For the individual, the marker of the threshold between mere motivation and true volition is what the authors call the “Crossing of the Rubicon,” the moment when the priorities become clear and conflicts between thoughts and emotions disappear. Action begins to flow. In both individuals and organizations, this moment is often precipitated by an external challenge, such as a corporate crisis or a new boss. The authors tell several stories about organizations facing challenges and how the responses of managers to these tests changed the level and quality of energy in the organization. Perhaps the major takeaway for the practicing manager is that if willpower, at its roots, is more a personal characteristic to be developed than a competence to be trained, then organizations should always concentrate on management selection before they turn to management development. Indeed, as Jim Collins observed in Good to Great: Why Some Companies Make the Leap … and Others Don’t (HarperBusiness, 2001), the question “Who?” should take precedence over “What?”

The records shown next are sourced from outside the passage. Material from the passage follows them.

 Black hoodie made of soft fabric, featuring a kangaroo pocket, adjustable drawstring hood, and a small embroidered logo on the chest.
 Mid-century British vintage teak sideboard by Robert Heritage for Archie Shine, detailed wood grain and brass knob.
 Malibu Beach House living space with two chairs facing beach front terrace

The importance of character to action in an organization is stressed in the U.S. Army development principle “Be, Know, Do.” In The U.S. Army Leadership Field Manual: Battle-Tested Wisdom for Leaders in Any Organization (McGraw-Hill, 2004), the meaning of this mantra is explored at three levels: personal, organizational, and strategic. The manual is packed with quotes and stirring anecdotes drawn from some of the most dramatic moments in U.S. history.

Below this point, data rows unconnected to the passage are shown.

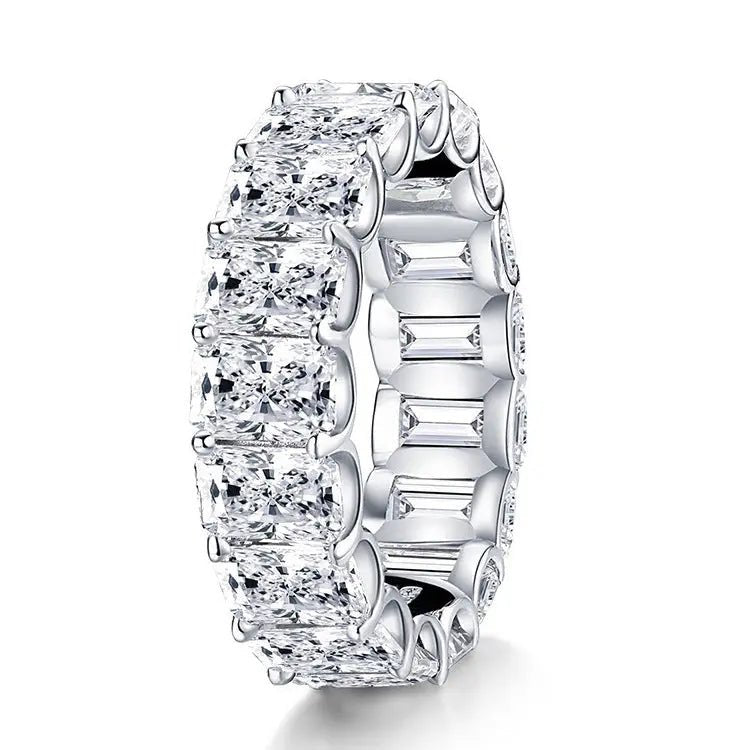 Sterling silver ring featuring a high carbon diamond simulant, showcasing a polished band with a sparkling stone centerpiece.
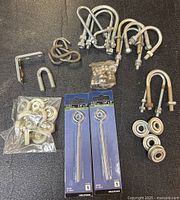 All items laid out: packaged Hillman eye bolts, U-bolts, washers, rollers, quick links, hex keys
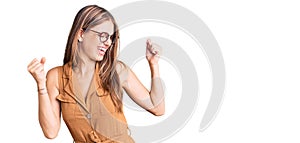 Young beautiful blonde woman wearing casual clothes and glasses dancing happy and cheerful, smiling moving casual and confident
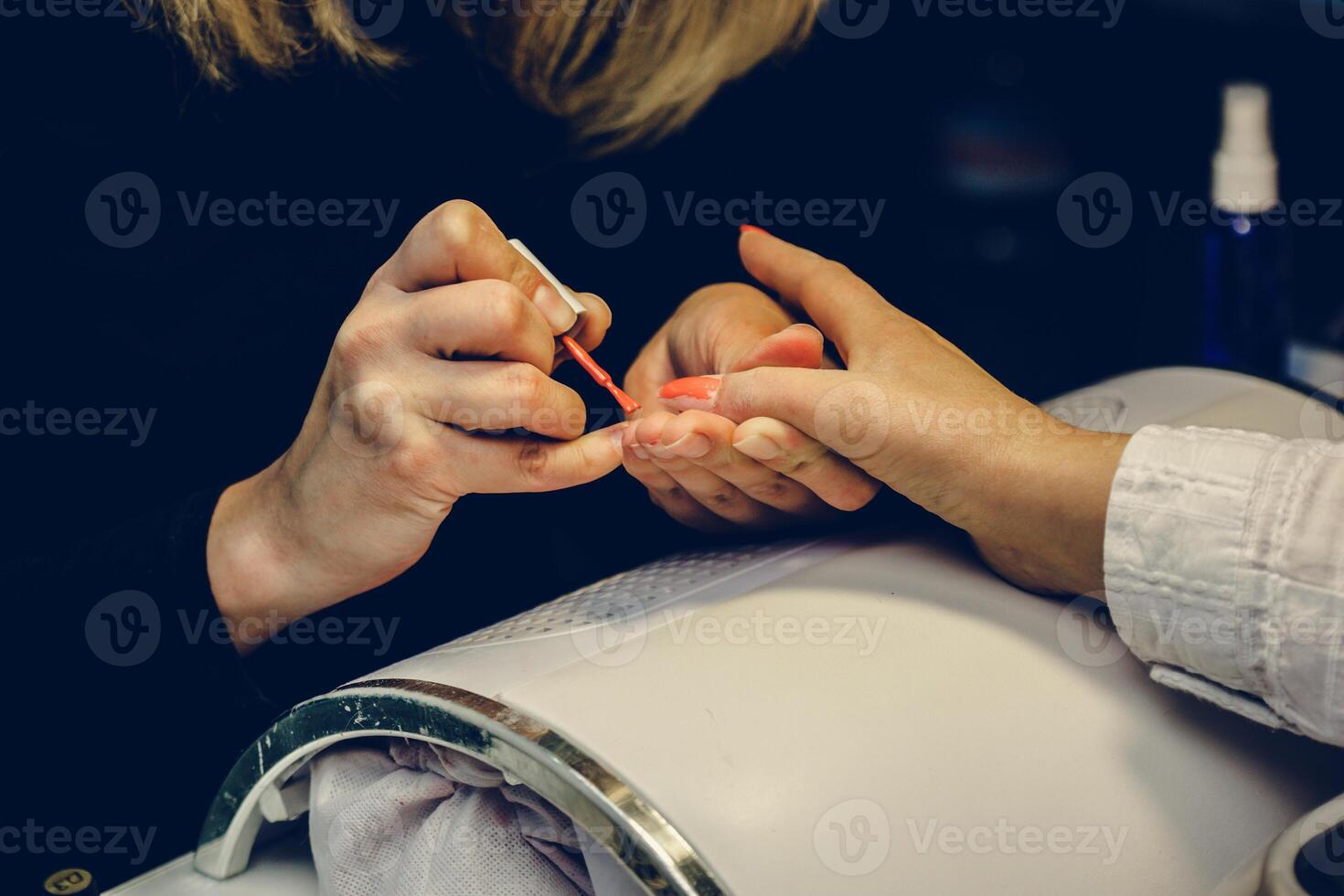 manicuro aplicando rojo uña barniz. manicura Maestro pintura hembra dedo con cerca arriba. manicura y dedos cuidado. foto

The conceptual models of leadership used in the book efficiently convey an eclectic set of ideas, although the armed services penchant for acronyms may occasionally bewilder the lay reader, especially as the index supplies no key to them. “Be” consists of personal values and an individual’s mental, physical, and emotional attributes; “Know” is made up of interpersonal, conceptual, technical, and tactical skills; and “Do” is divided into influencing, operating, and improving. Underpinning it all is the army’s concept of will — the warrior ethos with its total commitment to winning the wars and its refusal to accept failure.
For managers in the private sector, this manual is a timely reminder that it is possible to create a cohesive, purposeful organization without leaning on that crutch of modern management, the incentive plan. The army is an institution rather than an occupation, and people join it for every reason other than financial reward. The army also makes a clear distinction between training activities and fighting activities, although its leaders go to great lengths to simulate battle conditions in their training so they build sound habits — conditioned responses — that will be robust under stress. Structured opportunities for reflection on action are seen as a critical part of the learning process. Thus after-action reviews (AARs) are designed to allow learning in a team context after a mission and are clearly distinguished from in-process reviews (IPRs), which are used for control purposes during a mission. In the private sector, this distinction is often blurred.